Not to be deterred, fascination undiminished, I included the disks in my most recent order, only to receive everything else on my list (the crowning glory of which being Dylan's Rough & Rowdy Ways, of which I'll have something to say at a later date) but to find myself left in limbo with regard to Vital. And then it arrived, on its own, late last week.

On the back of the handsome CD booklet there's an image of the original advertisement for the live set from 1978 (when it was priced at 4 pound, seventy-five pence, which I reckon I would have found a tad expensive back then.) The main copy reads: FROM THE MOST EXTREME LIVE BAND IN THE WORLD THE MOST EXTREME LIVE ALBUM. Gentle Reader, trust me when I tell you that for once the advertisers spoke the truth.
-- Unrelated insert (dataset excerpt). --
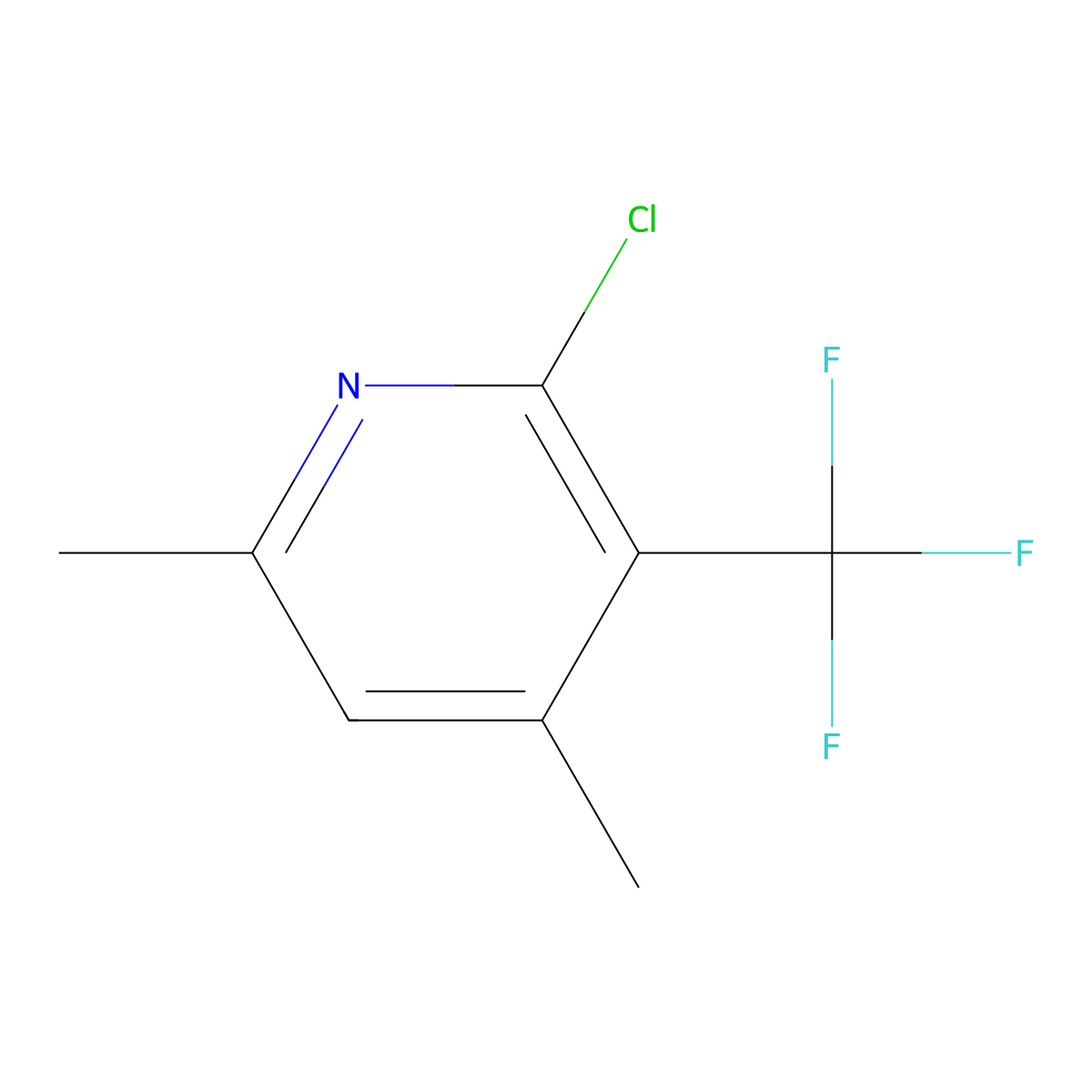 2-Chloro-4,6-dimethyl-3-(trifluoromethyl)pyridine molecular structure, CAS 2241131-03-1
On my first play-through I was stunned, and delighted, at the ferocity of it all. Actually, I'd wondered whether the questionable reputation of the album was based on a poor quality of recording - a bit like the infamously wonderful Earthbound of King Crimson -  but in broad terms it's more than acceptable, despite the problem they had with the failure of one channel to record Jaxon's contributions to proceedings such that the reeds and flute needed to be inserted from what had bled into other channels being enhanced. No, as advertised, it was the blistering, take no prisoners attitude of the musicians that had served to alienate some listeners. 

The astonishing version of Pioneers over C sort of sums it all up. The studio version is a splendid piece, veering nicely between the theatrical and melodic as VdGG so often did on the early albums. The version on Vital just tears everything up with glorious contrasts between soft yearning and punk rage. At his most extreme Pete Hammill makes punk admirers like John Lydon sound mild and restrained.

This is not the sort of music one can play with the ladies around. (Dreadfully sexist, I know, but I'm keeping it real.) Yes, vital stuff. (Dreadful pun, I know, but I thought I'd take some chances myself in this final paragraph.)